| TO DO |
Write the entries out again in full and unchanged, dropping every image.

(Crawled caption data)

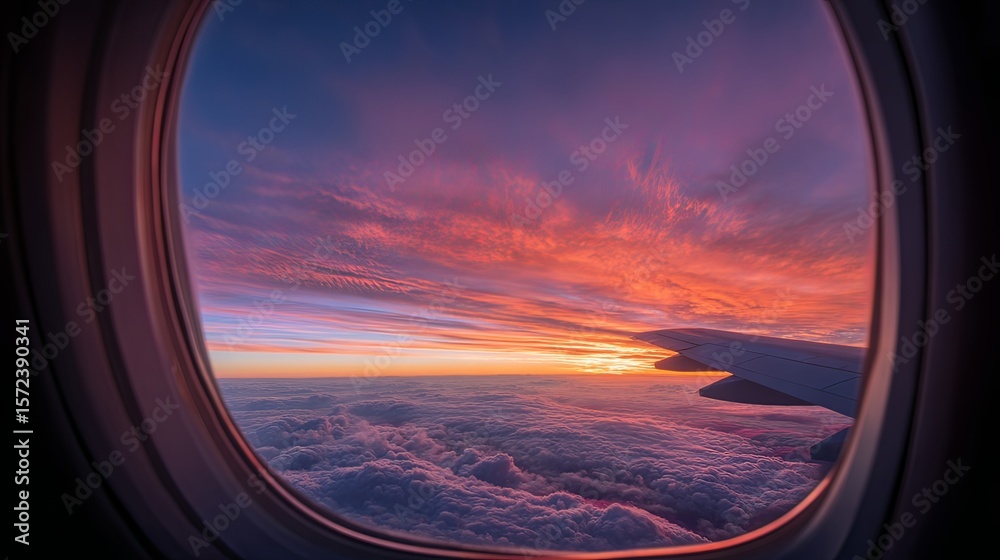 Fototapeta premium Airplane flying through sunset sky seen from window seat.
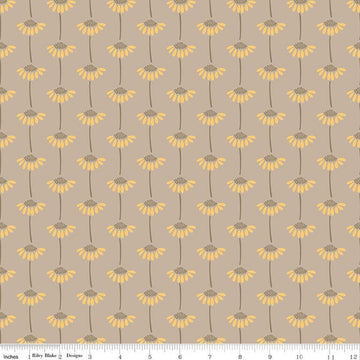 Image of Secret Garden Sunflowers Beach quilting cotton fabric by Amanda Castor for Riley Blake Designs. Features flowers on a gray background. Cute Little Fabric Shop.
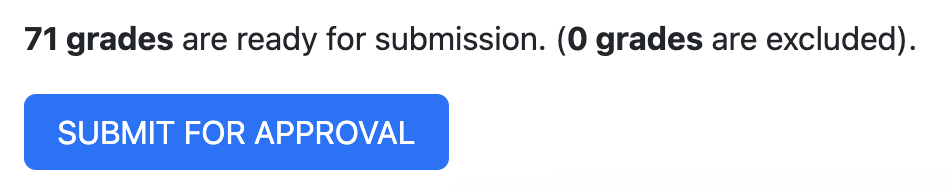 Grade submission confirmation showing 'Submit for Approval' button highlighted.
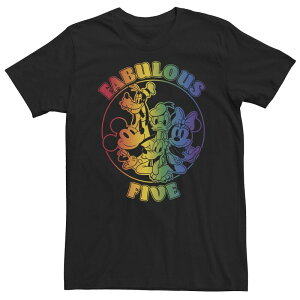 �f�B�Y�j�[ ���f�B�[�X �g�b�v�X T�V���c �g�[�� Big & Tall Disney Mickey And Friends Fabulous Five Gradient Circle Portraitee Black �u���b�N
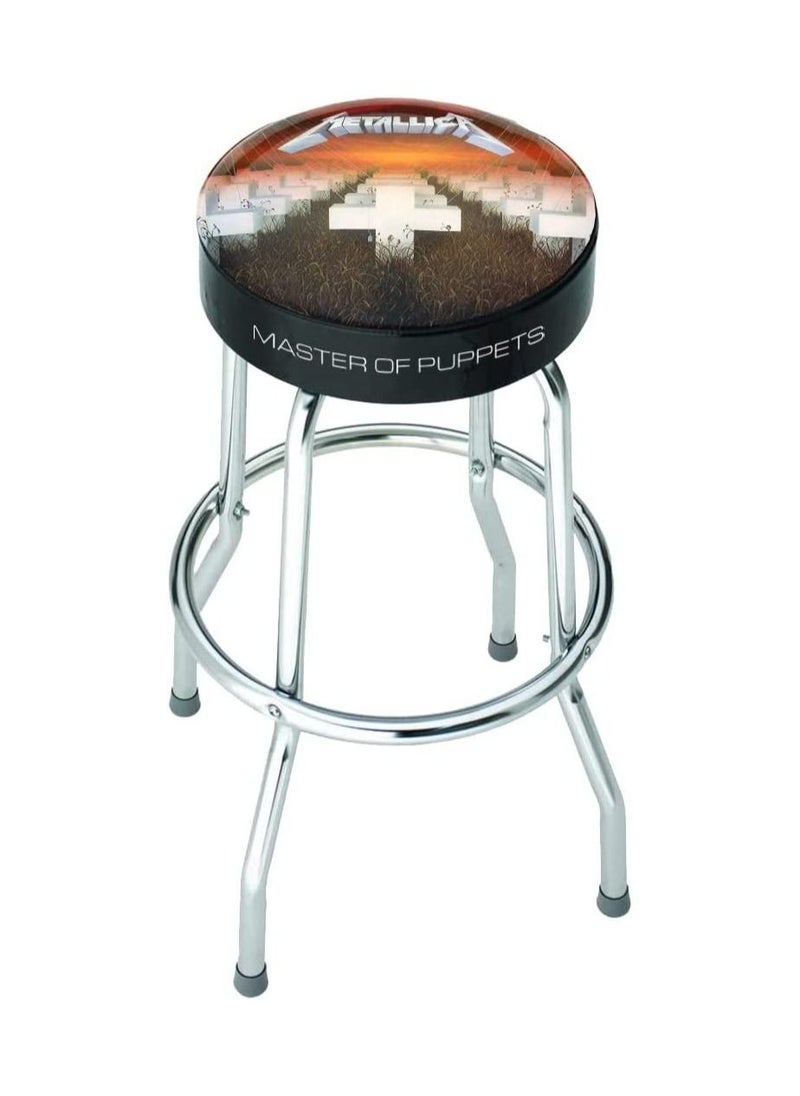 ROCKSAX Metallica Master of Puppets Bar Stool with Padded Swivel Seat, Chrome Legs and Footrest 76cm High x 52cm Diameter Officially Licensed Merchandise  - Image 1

| RESULT OF THE EXERCISE |
 Fototapeta premium Airplane flying through sunset sky seen from window seat.
 Image of Secret Garden Sunflowers Beach quilting cotton fabric by Amanda Castor for Riley Blake Designs. Features flowers on a gray background. Cute Little Fabric Shop.
 Grade submission confirmation showing 'Submit for Approval' button highlighted.
 �f�B�Y�j�[ ���f�B�[�X �g�b�v�X T�V���c �g�[�� Big & Tall Disney Mickey And Friends Fabulous Five Gradient Circle Portraitee Black �u���b�N
 ROCKSAX Metallica Master of Puppets Bar Stool with Padded Swivel Seat, Chrome Legs and Footrest 76cm High x 52cm Diameter Officially Licensed Merchandise  - Image 1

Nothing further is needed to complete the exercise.